> **WORK TO BE COMPLETED**: The lines from the top of the material through the line with "thumbnail image 5" are to be set down exactly. Leave the pictures out.

> **SUPPLIED INFORMATION**:
——

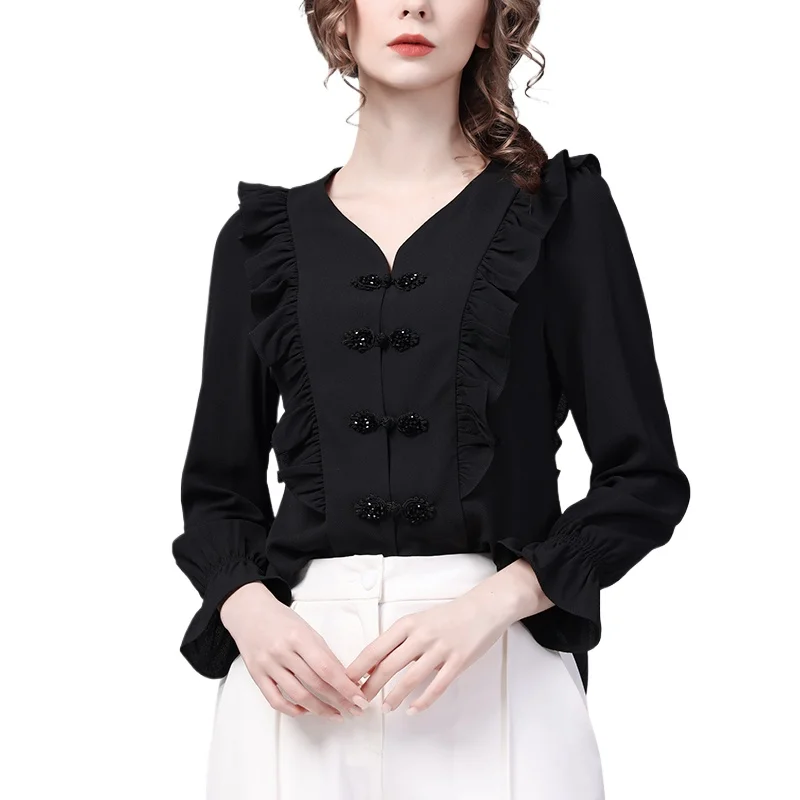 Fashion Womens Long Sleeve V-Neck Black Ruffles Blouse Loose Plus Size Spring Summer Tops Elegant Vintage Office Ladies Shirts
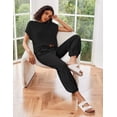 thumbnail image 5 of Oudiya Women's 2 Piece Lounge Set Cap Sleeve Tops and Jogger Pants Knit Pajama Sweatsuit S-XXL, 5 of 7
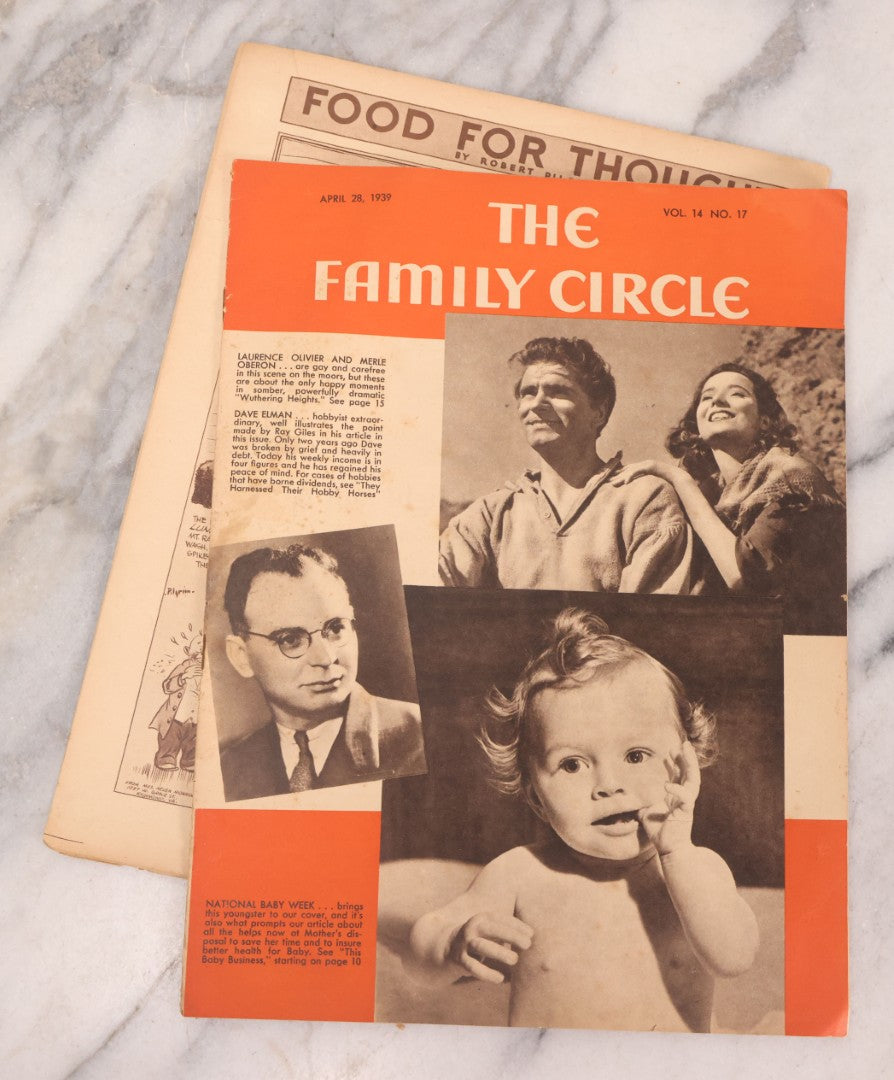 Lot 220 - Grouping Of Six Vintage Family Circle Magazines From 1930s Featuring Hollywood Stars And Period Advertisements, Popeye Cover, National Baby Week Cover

——

> **TASK RESPONSE**:
 Fashion Womens Long Sleeve V-Neck Black Ruffles Blouse Loose Plus Size Spring Summer Tops Elegant Vintage Office Ladies Shirts
 thumbnail image 5 of Oudiya Women's 2 Piece Lounge Set Cap Sleeve Tops and Jogger Pants Knit Pajama Sweatsuit S-XXL, 5 of 7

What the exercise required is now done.